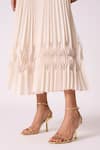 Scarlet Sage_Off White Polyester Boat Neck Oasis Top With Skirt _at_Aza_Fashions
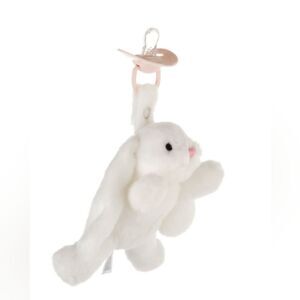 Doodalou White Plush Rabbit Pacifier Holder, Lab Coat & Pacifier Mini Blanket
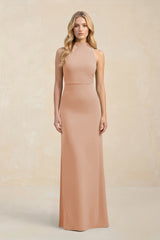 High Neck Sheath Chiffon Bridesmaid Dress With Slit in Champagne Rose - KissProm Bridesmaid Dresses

--

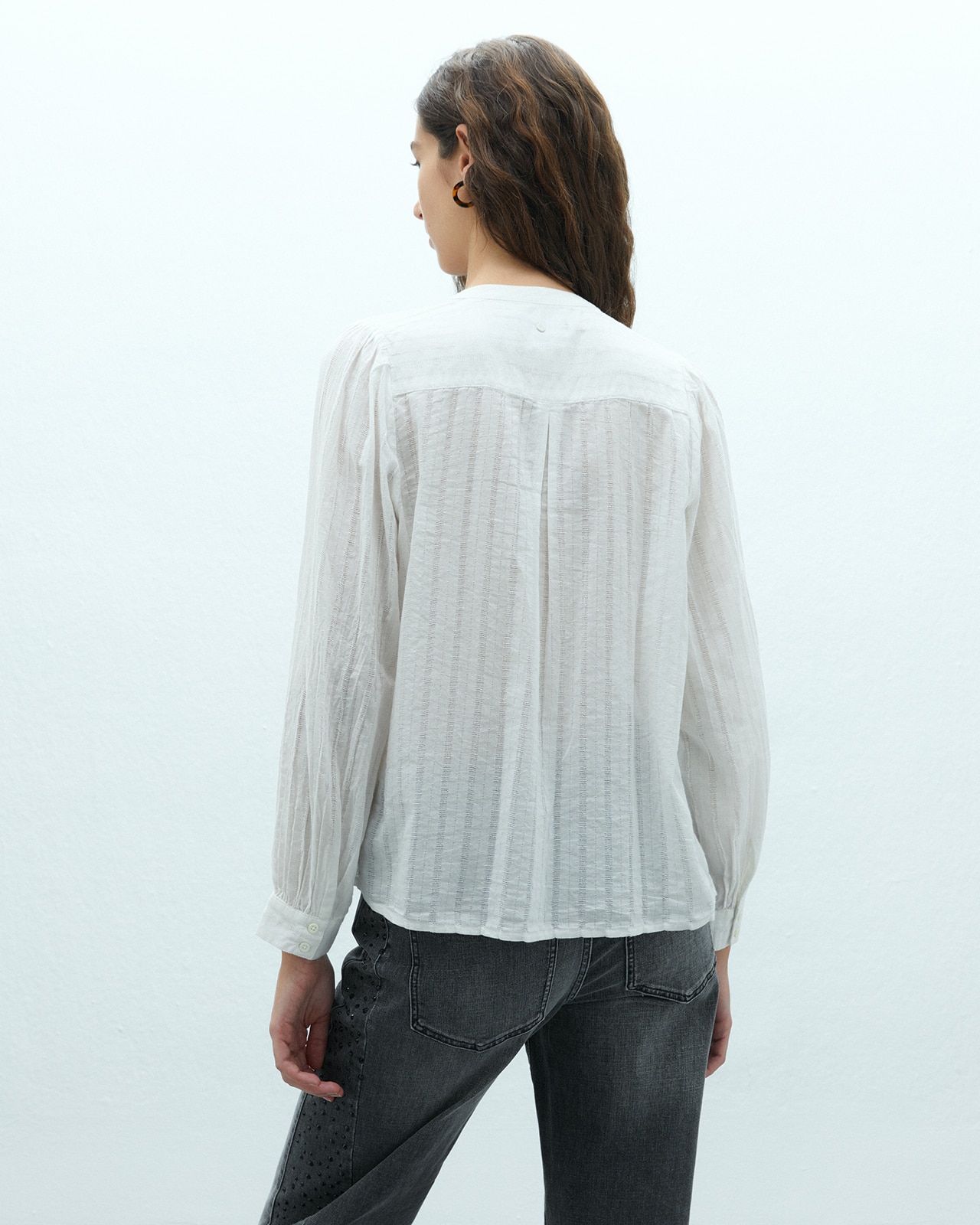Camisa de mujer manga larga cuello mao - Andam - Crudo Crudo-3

---

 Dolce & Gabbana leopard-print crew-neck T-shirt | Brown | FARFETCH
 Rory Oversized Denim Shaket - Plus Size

▶ EXERCISE GOAL: Copy only what runs above from the line containing "Scarlet Sage_Off White" through the line containing "High Neck Sheath", exactly. Leave out the pictures.

▶ PROBLEM SOLUTION:
 Scarlet Sage_Off White Polyester Boat Neck Oasis Top With Skirt _at_Aza_Fashions
 Doodalou White Plush Rabbit Pacifier Holder, Lab Coat & Pacifier Mini Blanket
 High Neck Sheath Chiffon Bridesmaid Dress With Slit in Champagne Rose - KissProm Bridesmaid Dresses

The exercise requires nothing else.